In a preferable embodiment of the electric mowing vehicle according to the present invention, the boundary rotation speed may be set to be substantially equal to the minimum rotation speed of the mowing motor that is required for mowing work using the mowing blades.

According to the above-mentioned configuration, when a high load acts on the mowing motor, the rotation speed of the mowing motor can decrease to a lower speed. Therefore, the driver of the vehicle can more easily notice that the load on the mowing motor is increasing. As a result, the mowing work can be performed more efficiently.

In a preferable embodiment of the electric mowing vehicle according to the present invention, the lower-limit torque of the upper-limit torque decrease region may be 65% or more and 75% or less of the torque value of the upper-limit torque constant region.

According to the above-mentioned configuration, the relationship between the upper-limit torque and the rotation speed of the mowing motor in accordance with the high-load-adaptive power map can be brought close to the relationship between engine torque and engine rotation speed in the case where the mowing machine is driven by the conventional power of the engine. Thus, the driver, who changes from the conventional mowing vehicle in which the mowing machine is driven by the conventional power of the engine, is less likely to feel discomfort.

In a preferable embodiment of the electric mowing vehicle according to the present invention, the controller may detect that the load on the mowing motor is high when the detected torque in accordance with the rotation speed of at least one mowing motor exceeds the upper-limit torque corresponding to the rotation speed of the mowing motor in the high-load-adaptive power map.

Furthermore, in a preferable embodiment of the electric mowing vehicle according to the present invention, when a high load acts on a part of the plurality of mowing motors, the controller may cause the torque of the mowing motor to increase and cause the rotation speed of the mowing motor to decrease according to the high-load-adaptive power map, and the controller may cause the rotation speeds of the remaining mowing motors on which the high load does not act to match the rotation speed of the mowing motor on which the high load acts.

According to the above-mentioned configuration, when a high load acts on some of the plurality of mowing motors, the mowing traces are made uniform and the appearance is improved as compared with a case where the rotation speeds of some of the plurality of mowing motors, for example, the rotation speed of only one mowing motor, decreases.

Furthermore, in a preferable embodiment of the electric mowing vehicle according to the present invention, the electric mowing vehicle may further include: a traveling motor to drive a wheel; and an operation tool for instructing a target rotation speed of the traveling motor by an operation position, wherein the controller may control the driving of the traveling motor in accordance with the target rotation speed, and when it is detected that the load on at least one of the plurality of mowing motors is high, the controller may cause the torque of the mowing motor to increase and cause the rotation speed of the mowing motor to decrease in accordance with the high-load-adaptive power map, and the controller may cause the degree of increase in the target rotation speed of the traveling motor in accordance with a change in the operation position to decrease in accordance with the rate of decrease in the rotation speed of the mowing motor on which the high load acts.

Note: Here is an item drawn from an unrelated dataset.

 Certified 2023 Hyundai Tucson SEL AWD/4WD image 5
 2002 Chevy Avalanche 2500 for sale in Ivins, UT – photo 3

According to the above-mentioned configuration, when a high load is generated in at least one of the plurality of mowing motors, the rotation speed of the mowing motor decreases in accordance with an increase in the load on the mowing motor according to the high-load-adaptive power map, and the traveling speed of the vehicle also decreases. Thus, the driver can notice more quickly that the high load state is generated in the mowing motor. As a result, the mowing work can be more efficiently performed by further suppressing the mowing work from being continued with the grass left unmown. In addition, since the amount of grass allocated to the mowing motor relatively decreases, a state where a high load acts on the mowing motor can be eliminated early.

Furthermore, in a preferable embodiment of the electric mowing vehicle according to the present invention, when the state changes from a state where a high load acts on at least one of the plurality of mowing motors to a state where a high load acts on none of the plurality of mowing motors, the controller may cause the rotation speeds of all of the mowing motors to return to normal rotation speeds and cause the degree of increase in the target rotation speed of the traveling motor corresponding to the change in the operation position of the operation tool to return to a normal degree.

According to the above-mentioned configuration, it is possible to provide the electric mowing vehicle which is easy and efficient to drive for a driver with an operation feeling similar to that in a case where a high load on a mowing machine is eliminated in an engine-type mowing vehicle in which the wheels and the mowing machine are driven by the power of an engine.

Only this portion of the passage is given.